Notre petite Renault affichait sur la malle arrière une foule d'autocollants dont un de la Suède, bien qu'elle n'y soit jamais allée. En fait c'est une autre 4L qui alla chercher ce blason. Ma jeune belle-sœur possédait également une R4 d'un rouge vif, dans laquelle elle enfourna un jour d'été 92 ses deux fils, mon garçon et une proche cousine. Une adulte et quatre jeunes adolescents partirent ainsi dans une "barquette de fraises" vers des contrées nordiques. Il y eut de cette façon dans la famille deux 4L contemporaines qui se complétèrent fort bien : la boîte à sucre à vocation nationale et la boîte de fraises à vocation internationale...
En tout état de cause il n'est pas une famille en France qui ne puisse évoquer, de près ou de loin, des souvenirs relatifs aux Citroën 2 CV et Renault 4. Elles sont à l'opposé des autos mythiques (Traction Avant et grosses Américaines) dont je parlais au début de cet exposé. Toutes les routes, des plus modestes aux plus importantes, se souviennent de leurs passages et ces deux voitures ont créé à leur tour un mythe bien particulier, imprégné de sympathie plus que de noblesse, qui survit chez quelques modèles soigneusement restaurés au sein des clubs de collectionneurs.
Notre 4L eut une fin moins glorieuse. Au terme de ses 220 000 kilomètres on constata que le moteur toussait beaucoup et renâclait à déplacer l'ensemble au-delà de 80 à l'heure. Le garagiste me déconseilla de refaire la mécanique, s'agissant d'une technologie obsolète admettant seulement l'essence au plomb. L'essence verte moins polluante avait fait son apparition et représentait l'avenir. Nous étions en l'an 2000. La Renault fut donc remplacée par une petite voiture de caractère voisin : une Fiat Panda. J'allai la chercher chez le concessionnaire en même temps que je lui amenai la 4L, promise à la casse. Ce jour-là mes deux filles tinrent à se faire photographier devant la "condamnée". Cette dernière arborait une malle arrière de plus en plus encombrée d'autocollants. Et me voici photographiant mes demoiselles devant l'arrière de l'auto, en arrière de l'avant, et même sur le toit (!) pareilles à des rallyewomen !...

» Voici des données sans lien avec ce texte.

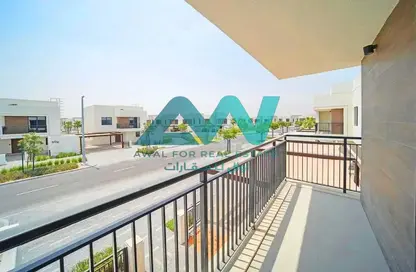 Villa - 4 Bedrooms - 5 Bathrooms for rent in Noya Viva - Noya - Yas Island - Abu Dhabi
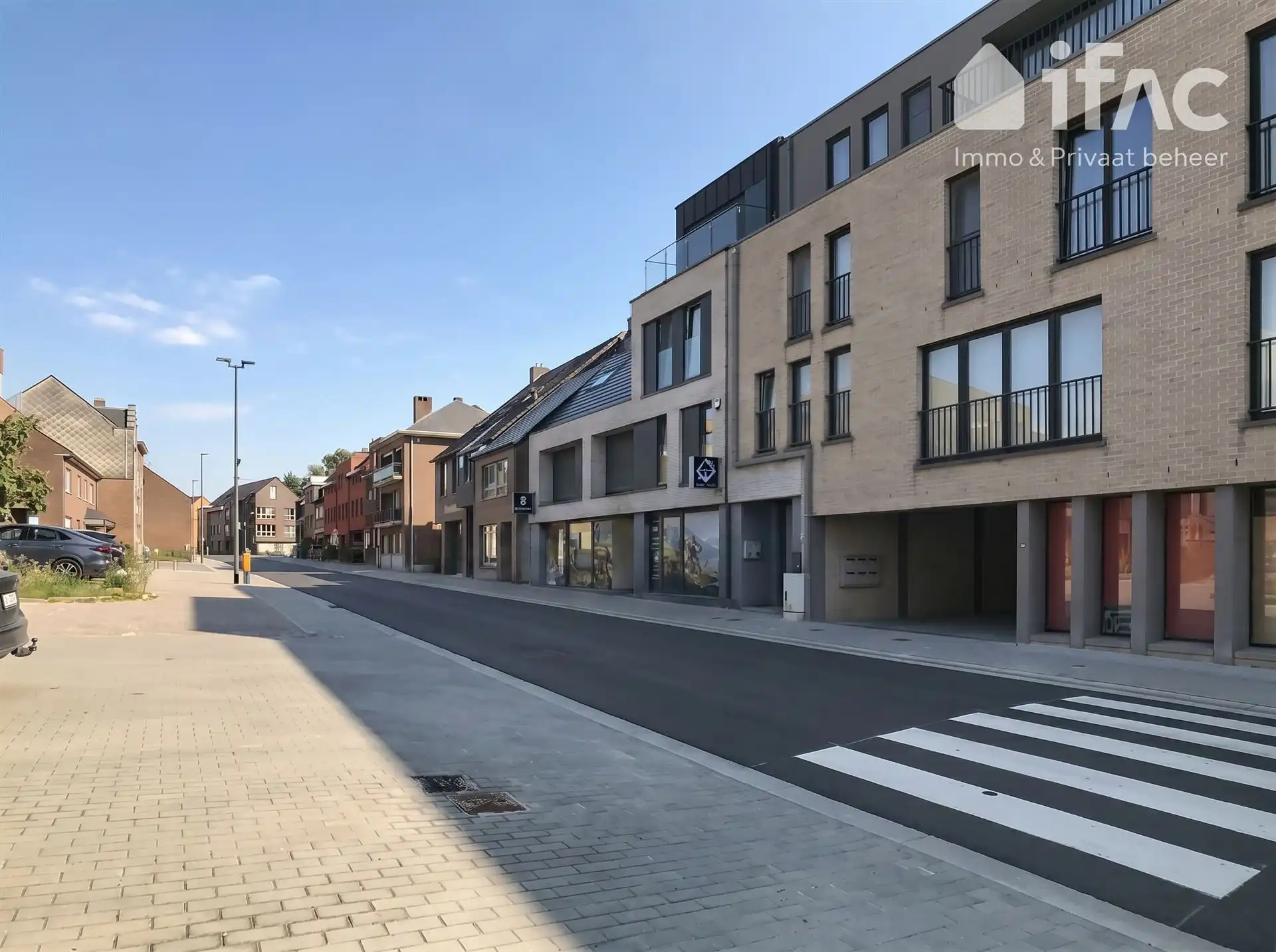 Appartement te huur Duisburgsesteenweg 166/3.01 - 3090 Eizer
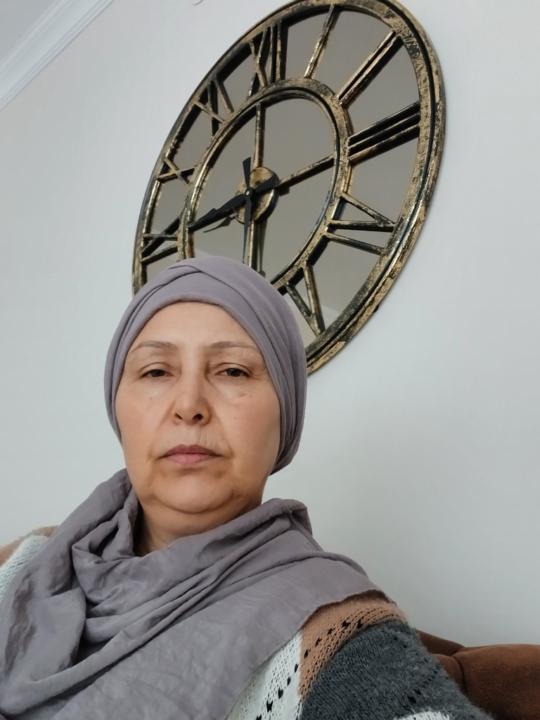 Emine Zeytünlü Ercan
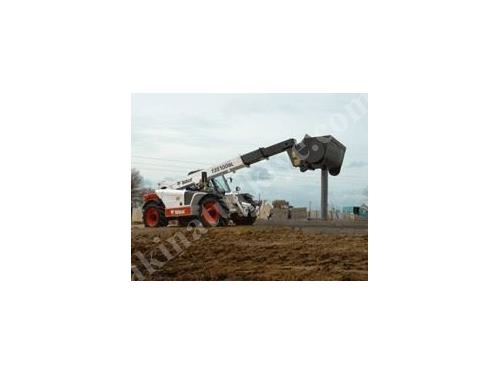 Teleskopik Forklift ( 3,5 Ton-10 M )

Avec la petite Renault se termine ce tour d'horizon des autos qui m'ont accompagné dans mon existence et m'ont marqué à plus d'un titre. Les autres, je n'en parlerai pas, reléguées dans la banalité ou l'oubli. J'appartiens à cette jeunesse d'après-guerre qui s'est passionnée pour l'automobile, laquelle était un symbole de liberté, de beauté, de performance et d'ingéniosité. L'image d'une route, cela faisait aussitôt penser aux vacances, aux voyages et ces évocations n'étaient pas exemptes de poésie.

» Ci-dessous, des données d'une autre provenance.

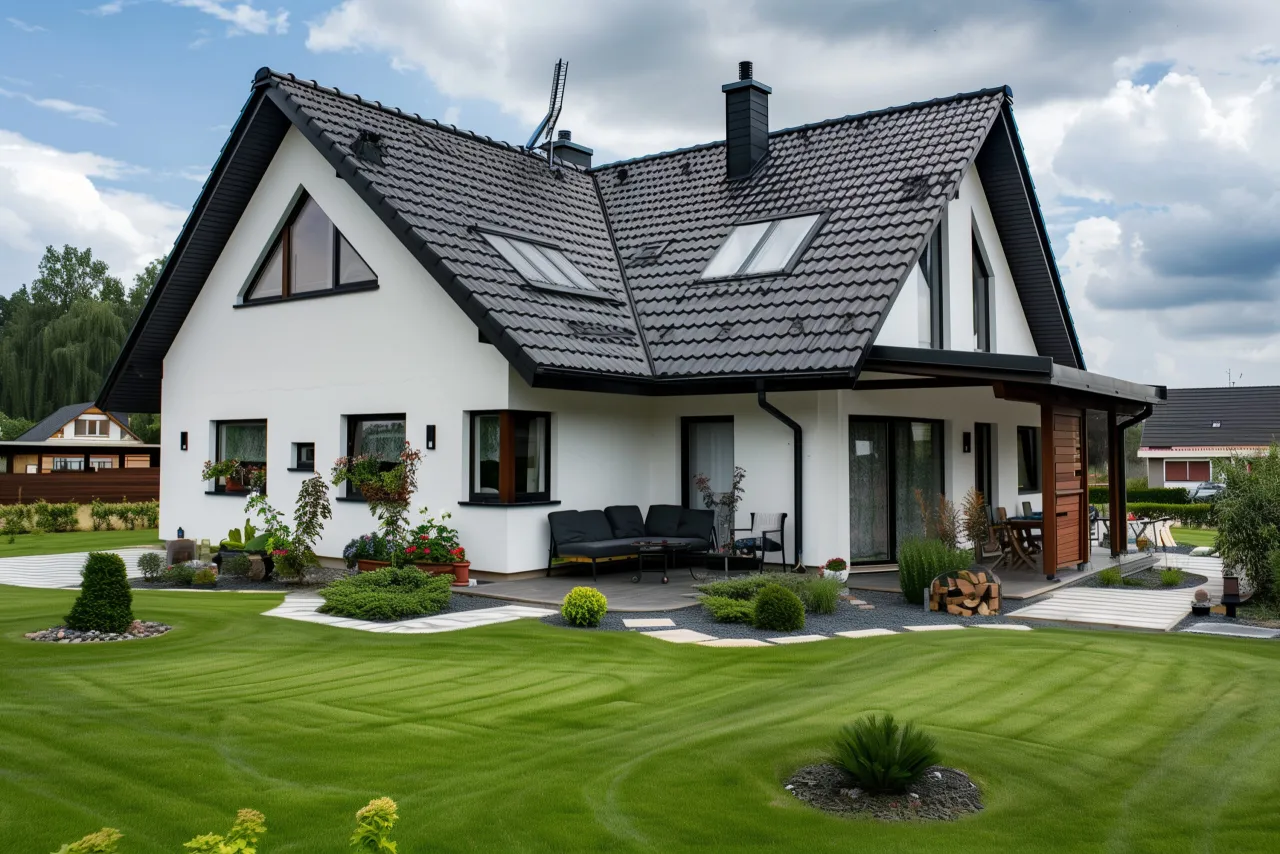 Zdjęcie Jaka farba do elewacji? Wybierz mądrze Poradnik 2024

Aujourd'hui le pragmatisme m'a gagné en ce domaine à l'encontre je crois de bien des gens. L'auto ne me fait plus fantasmer. Elle demeure pour moi avant tout un outil très pratique, un moyen de transport pour personnes et bagages. C'est tout. De plus d'autres considérations, telles que les encombrements des villes, la pollution, les excès meurtriers de vitesse ont pris une ampleur inquiétante depuis deux ou trois décennies. J'en arrive à conclure que l'heureuse démocratisation de l'auto fait aussi apparaître l'envers de l'avantage : nous ne savons plus nous en passer et nous l'utilisons mal, sans limite raisonnable. Elle est devenue au fil des âges un bijou stupidement gadgétisé, parfois plus confortable que le domicile de son propriétaire. Dans ces cocons moquettés, enluminés, automatisés, aseptisés, climatisés qui nous transportent et auxquels ressemblent si mal les autos que j'ai aimées, nous avons oublié le contact avec ceux et ce qui nous entoure(nt). Les voyages ont perdu ce petit sel de l'aventure.
L'automobile ne peut pas disparaître mais il nous faudra la repenser. L'on ne pourra pas élargir à l'infini les couloirs des autoroutes ni raser les constructions de nos cités pour laisser circuler les véhicules omniprésents. Un nouvel âge commence pour l'automobile, basé davantage sur la philosophie de son usage que sur la prouesse technique.